Excerpts from a dataset:
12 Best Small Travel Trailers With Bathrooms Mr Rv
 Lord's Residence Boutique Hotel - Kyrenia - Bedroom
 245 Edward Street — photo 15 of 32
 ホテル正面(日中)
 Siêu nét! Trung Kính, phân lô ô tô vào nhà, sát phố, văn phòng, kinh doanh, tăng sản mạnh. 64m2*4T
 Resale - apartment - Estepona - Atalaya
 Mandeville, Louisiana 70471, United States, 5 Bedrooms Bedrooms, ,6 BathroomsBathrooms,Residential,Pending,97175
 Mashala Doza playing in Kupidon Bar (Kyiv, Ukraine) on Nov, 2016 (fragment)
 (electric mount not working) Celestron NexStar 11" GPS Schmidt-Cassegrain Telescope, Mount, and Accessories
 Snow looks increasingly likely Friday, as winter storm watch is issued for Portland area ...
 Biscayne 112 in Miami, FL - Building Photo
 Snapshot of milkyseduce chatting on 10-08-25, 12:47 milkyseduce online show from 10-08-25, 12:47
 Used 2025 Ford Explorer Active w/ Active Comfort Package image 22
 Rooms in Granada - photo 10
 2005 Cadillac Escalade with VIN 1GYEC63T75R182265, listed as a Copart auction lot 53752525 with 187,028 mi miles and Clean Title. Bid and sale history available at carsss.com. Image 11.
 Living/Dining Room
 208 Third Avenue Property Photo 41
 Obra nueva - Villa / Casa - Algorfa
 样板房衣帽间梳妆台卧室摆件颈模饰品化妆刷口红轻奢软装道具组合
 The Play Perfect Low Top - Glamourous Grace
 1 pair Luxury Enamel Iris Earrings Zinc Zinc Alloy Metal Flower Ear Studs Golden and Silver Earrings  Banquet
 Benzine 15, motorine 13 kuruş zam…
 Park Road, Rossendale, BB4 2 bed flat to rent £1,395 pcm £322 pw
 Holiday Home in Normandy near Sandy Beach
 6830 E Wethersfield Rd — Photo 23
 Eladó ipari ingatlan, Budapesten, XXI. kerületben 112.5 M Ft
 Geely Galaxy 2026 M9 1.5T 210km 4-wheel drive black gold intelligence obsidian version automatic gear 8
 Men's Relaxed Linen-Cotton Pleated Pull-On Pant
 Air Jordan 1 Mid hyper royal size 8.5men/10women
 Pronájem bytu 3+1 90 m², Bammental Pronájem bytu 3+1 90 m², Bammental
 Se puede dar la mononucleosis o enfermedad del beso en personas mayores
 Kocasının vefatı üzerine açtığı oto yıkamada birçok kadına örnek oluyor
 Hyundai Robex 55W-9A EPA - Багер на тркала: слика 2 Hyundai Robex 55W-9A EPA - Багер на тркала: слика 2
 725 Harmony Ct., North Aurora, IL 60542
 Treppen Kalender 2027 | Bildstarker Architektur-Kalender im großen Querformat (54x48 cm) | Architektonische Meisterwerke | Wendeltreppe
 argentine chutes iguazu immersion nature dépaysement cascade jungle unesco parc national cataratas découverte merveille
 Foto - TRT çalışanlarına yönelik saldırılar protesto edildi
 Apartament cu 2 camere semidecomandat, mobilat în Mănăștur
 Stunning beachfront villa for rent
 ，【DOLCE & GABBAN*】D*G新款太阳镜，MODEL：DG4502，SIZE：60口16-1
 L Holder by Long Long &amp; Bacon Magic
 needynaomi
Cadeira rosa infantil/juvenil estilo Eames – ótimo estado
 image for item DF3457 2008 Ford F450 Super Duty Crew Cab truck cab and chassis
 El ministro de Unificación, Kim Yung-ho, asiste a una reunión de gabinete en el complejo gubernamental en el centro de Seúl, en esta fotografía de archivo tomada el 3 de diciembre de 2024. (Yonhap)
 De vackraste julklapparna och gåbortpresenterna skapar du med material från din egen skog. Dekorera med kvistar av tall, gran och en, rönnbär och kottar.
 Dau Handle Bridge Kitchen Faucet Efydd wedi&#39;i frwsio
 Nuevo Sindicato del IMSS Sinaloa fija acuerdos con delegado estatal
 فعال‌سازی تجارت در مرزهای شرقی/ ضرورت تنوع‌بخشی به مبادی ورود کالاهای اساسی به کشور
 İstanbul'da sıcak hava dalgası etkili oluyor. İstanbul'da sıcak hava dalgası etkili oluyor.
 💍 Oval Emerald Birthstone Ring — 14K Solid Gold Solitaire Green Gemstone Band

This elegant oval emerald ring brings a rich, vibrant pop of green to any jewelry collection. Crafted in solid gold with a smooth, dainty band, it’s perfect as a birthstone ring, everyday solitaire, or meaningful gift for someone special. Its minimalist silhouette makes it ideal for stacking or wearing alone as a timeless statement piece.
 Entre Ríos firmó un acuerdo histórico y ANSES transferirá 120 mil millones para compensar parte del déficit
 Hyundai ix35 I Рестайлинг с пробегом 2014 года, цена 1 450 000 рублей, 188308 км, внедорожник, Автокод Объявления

> _Task objective_:
From the records above, show each line that contains the word "Ford".

> _Output below_:
 Used 2025 Ford Explorer Active w/ Active Comfort Package image 22
 image for item DF3457 2008 Ford F450 Super Duty Crew Cab truck cab and chassis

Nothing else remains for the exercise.